Adam turned the small black book over and
over in his hands. “Do you think I’ll be sent screaming down to
Hell for taking this, Chollie?”

Chollie took the small leather bag from his
pocket and gave it a kiss. “It’s slapping you straight into Bedlam
that could happen, that’s what I’m thinking. What are you going to
do with that terrible thing?”

“I’m going to read it, Chollie, of course.
What was it your dear mother said? Better the devil you know? I
think she was right. If Dickie and Edmund are playing at some new
sort of Hell-fire Club devil worship, devilish games, or whatever
in—excuse me for this, Chollie, but—whatever in
hell
they’re
doing, at least should know the rules.”

~ ~ ~

Sherry all but paced a hole in the
drawing-room carpet as she waited for Adam to return from wherever
he and Chollie had gone off to more than an hour earlier.

How could he have left her alone like
this?

Didn’t he know?

Didn’t he care?

Court her. That’s what he’d said. He was
going to court her. Hah! That was rather difficult to do, when they
never seemed to so much as be in the same room at the same
time.

And what would she tell him, when he finally
did come home? That she’d all but chased Rimmon out of the house?
How was she going to explain that to him?

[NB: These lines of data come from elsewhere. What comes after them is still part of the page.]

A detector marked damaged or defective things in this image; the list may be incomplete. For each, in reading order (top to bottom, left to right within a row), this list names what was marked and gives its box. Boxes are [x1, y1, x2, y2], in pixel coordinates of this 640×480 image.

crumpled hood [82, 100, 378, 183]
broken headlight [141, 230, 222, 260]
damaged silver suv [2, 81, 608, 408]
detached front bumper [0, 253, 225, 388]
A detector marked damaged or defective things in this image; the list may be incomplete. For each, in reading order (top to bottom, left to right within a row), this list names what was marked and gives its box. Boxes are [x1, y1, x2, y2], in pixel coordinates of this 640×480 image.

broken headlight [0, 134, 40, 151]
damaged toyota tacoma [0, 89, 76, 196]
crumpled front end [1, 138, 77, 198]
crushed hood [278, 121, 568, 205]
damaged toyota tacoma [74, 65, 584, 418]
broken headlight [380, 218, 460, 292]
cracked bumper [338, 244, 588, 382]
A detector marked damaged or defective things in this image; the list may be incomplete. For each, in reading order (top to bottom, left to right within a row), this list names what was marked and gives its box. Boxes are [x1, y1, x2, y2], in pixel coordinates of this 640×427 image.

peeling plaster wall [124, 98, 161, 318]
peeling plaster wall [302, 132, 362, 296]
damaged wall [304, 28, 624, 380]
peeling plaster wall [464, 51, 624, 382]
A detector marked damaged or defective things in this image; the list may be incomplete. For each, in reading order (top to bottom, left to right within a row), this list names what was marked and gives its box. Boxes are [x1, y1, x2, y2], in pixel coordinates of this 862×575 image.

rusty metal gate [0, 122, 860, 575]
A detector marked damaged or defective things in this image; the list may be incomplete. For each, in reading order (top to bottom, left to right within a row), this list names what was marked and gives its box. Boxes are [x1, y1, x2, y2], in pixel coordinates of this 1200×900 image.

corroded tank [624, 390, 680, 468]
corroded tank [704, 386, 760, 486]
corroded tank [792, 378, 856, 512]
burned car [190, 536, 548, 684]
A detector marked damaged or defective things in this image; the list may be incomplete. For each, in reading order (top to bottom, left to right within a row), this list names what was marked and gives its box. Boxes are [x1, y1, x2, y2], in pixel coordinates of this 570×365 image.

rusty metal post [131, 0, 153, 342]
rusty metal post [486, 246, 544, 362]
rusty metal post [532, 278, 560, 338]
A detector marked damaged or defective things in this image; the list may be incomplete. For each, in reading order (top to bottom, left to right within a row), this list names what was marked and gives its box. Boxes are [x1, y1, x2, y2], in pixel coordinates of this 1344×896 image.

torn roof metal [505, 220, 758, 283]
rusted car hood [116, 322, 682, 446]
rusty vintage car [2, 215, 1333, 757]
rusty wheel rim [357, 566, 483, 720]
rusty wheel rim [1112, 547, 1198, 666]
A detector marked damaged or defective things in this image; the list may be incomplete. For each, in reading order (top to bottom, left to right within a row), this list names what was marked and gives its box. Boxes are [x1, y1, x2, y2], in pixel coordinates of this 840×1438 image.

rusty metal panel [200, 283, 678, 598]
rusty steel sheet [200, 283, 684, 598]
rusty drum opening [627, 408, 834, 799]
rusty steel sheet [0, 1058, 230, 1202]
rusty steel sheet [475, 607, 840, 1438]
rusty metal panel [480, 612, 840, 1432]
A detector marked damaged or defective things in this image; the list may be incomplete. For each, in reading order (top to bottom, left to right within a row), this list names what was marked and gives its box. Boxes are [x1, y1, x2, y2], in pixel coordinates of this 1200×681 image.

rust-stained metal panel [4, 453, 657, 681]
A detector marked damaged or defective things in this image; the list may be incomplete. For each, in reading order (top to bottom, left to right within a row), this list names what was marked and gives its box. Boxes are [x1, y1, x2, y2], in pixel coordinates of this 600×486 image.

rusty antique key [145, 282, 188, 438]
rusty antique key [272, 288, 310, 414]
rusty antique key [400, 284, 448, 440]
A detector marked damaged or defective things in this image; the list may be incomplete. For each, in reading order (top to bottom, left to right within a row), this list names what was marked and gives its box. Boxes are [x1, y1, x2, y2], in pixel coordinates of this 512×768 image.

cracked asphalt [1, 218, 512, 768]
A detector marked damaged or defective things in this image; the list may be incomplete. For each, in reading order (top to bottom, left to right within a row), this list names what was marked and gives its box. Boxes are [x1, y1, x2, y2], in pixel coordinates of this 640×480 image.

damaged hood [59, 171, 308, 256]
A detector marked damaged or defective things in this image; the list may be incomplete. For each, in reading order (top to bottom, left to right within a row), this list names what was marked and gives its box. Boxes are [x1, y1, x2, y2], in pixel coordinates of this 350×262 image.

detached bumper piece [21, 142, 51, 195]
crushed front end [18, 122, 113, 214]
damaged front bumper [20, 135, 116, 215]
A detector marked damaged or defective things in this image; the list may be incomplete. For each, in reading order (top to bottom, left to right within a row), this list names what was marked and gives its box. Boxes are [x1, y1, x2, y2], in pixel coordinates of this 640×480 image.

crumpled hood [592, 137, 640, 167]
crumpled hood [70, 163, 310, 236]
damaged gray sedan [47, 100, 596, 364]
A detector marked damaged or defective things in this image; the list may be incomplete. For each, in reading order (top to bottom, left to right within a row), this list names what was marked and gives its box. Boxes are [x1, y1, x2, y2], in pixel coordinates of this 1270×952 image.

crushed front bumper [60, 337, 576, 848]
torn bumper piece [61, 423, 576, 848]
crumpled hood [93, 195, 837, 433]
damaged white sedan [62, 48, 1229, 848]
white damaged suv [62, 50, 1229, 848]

She couldn’t keep taking to her bed,
pretending that the child made her faint. She and Adam had to talk
sometime. Sometime soon. So how was she going to explain the dead
roses, dismissing Emma? Explain questioning Edmund as if he were an
enemy, not a friend?

How was she going to explain any of it? She
didn’t understand anything herself.

“Where is everyone? No Edmund, no Chollie,
not even Rimmon. Here I am, ready to be wept over, and
congratulated, and there’s no one about to see me. Except you, of
course, sweetheart. I think you’ll do.”

Sherry whirled around to see Geoff standing
just inside the doorway, leaning heavily on a pair of canes.
“Geoff!” she exclaimed, her fears forgotten as she ran to him,
gathered him close in her arms. “I can’t believe it! You look
wonderful. Wonderful!”

“Taller, certainly,” he said as she backed
away, stood looking at him in wonder. “Now, if you don’t mind a few
weak whimpers and some rather grotesque expressions on my otherwise
adorable face, I think I’ll hobble on over to that chair and sit
myself down before I fall down. Would you be so kind as to fetch me
a glass of wine? It dulls the edges of the pain.”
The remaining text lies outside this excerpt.